Kamis, 21 November 2013

Hati-hati Dengan Ekspektasi

Setiap manusia, apalagi yang sudah masuk ke dalam kasta dewasa, tentu pernah mengalami satu masa di mana kita merasa down se-down-down-nya. Melewati satu masa di mana kita merasa dipermainkan oleh takdir. Kalo kamu bilang belum pernah, berarti kamu orang yang kurang beruntung. Karena telat naik kelas. Telat mendapatkan pelajaran hidup yang seharusnya bisa membuatmu lebih bijaksana.

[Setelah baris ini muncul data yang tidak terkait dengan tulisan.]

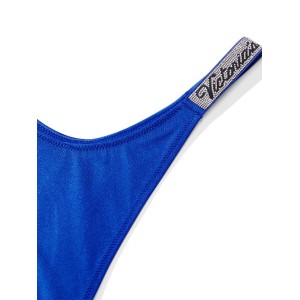 Купальник Shine Strap Bombshell Push-Up Blue Oar Logo Set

Atas permintaan seorang teman, kali ini saya ingin sedikit sok tahu tentang psikologis. Karena saya tidak ahli dalam bidang ini, jadi saya akan mencoba berbagi tentang pengalaman pribadi saja. Dari pada ngomongin orang lain. Ya, kan? Udah, iyain aja!

Panggil saja dia Dodi (nama samaran). Dia mantan teman dekat saya. Kami pacaran saat sama-sama masih duduk di bangku SMA. Ceritanya cinta monyet gitu. Itu sudah berselang bertahun-tahun yang lalu. Dan Alhamdulillah, sampai detik ini hubungan kami baik-baik saja. Bahkan saat saya menulis ini pun, saya sedang kakaoan sama dia. Saya kenal baik dengan keluarganya, begitu pun sebaliknya.

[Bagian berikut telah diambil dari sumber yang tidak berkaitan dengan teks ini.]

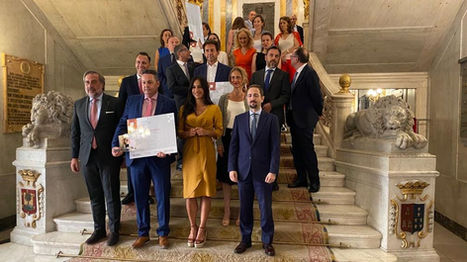 Greenkeeper Iberia, galardonada con el Premio Pyme del Año 2022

Saat berpacaran, saya tidak punya ekspektasi apapun tentangnya. Saya menikmati saat-saat bersamanya, ya sebagai remaja. Untuk having fun saja. Lucu-lucuan. Saat itu kalau saya disuruh milih, saya tidak akan memilih dia untuk menjadi pendamping hidup saya. Saya gak yakin sama dia, dia kan playboy. Tapi ganteng. Ya udah, lumayan kan untuk temen jalan-jalan. Kalo orang bilang “wangun dijak kondangan”. Dan dia secara fisik, dia lebih dari wangun. Ini dari sudut pandang anak SMA lho.

Waktu berlalu. Seiring dengan berakhirnya masa-masa SMA, berakhir pula hubungan kami. Awalnya sih sakit. Tapi itu cuma sebentar. It’s so easy to moving on.

Kesimpulannya, saat kita tidak punya ekspektasi apapun terhadap seseorang atau suatu hal, kita akan lebih siap dengan segala kemungkinan buruk yang terjadi. Kita akan legowo, karena saat kita jatuh pun, itu bukan dari tempat yang begitu tinggi. Tapi hanya sedekar kesandung.

Jadi, jika kita merasakan sakit atau kecewa yang luar biasa saat kehilangan seseorang atau sesuatu, jangan langsung melimpahkan segala kesalahan padanya. Tengok diri sendiri dulu. Seberapa besar ekspektasi kita kepadanya? Jangan-jangan kita yang salah, karena terlalu berharap sama orang yang salah?

***

Alam bawah sadar kita itu sebenarnya selalu mengirimkan sinyal jika ada sesuatu yang tidak beres dengan diri kita atau lingkungan di sekitar kita –Teori darimana? Lupa–. Tapi, kitanya sering mengabaikan. Misal, saat kita menjalin hubungan dengan seseorang. Kita tahu ada yang salah dengan hubungan itu. Tapi karena satu, dua, tiga, empat (malah itung-itungan) hal, kita sering memaksakan hubungan itu untuk tetap berjalan. Kita lebih sering menuruti hati, dari pada nurani. Padahal kebenaran yang sebenar-benarnya kan nurani –Yun, bangun, Yun! Gak ngelantur–. Oke! Anggap saja saya lagi ngelantur. Tapi mari, kita menunduk sejenak. Bertanya pada nurani masing-masing. Dan temukan sendiri jawabannya di sana.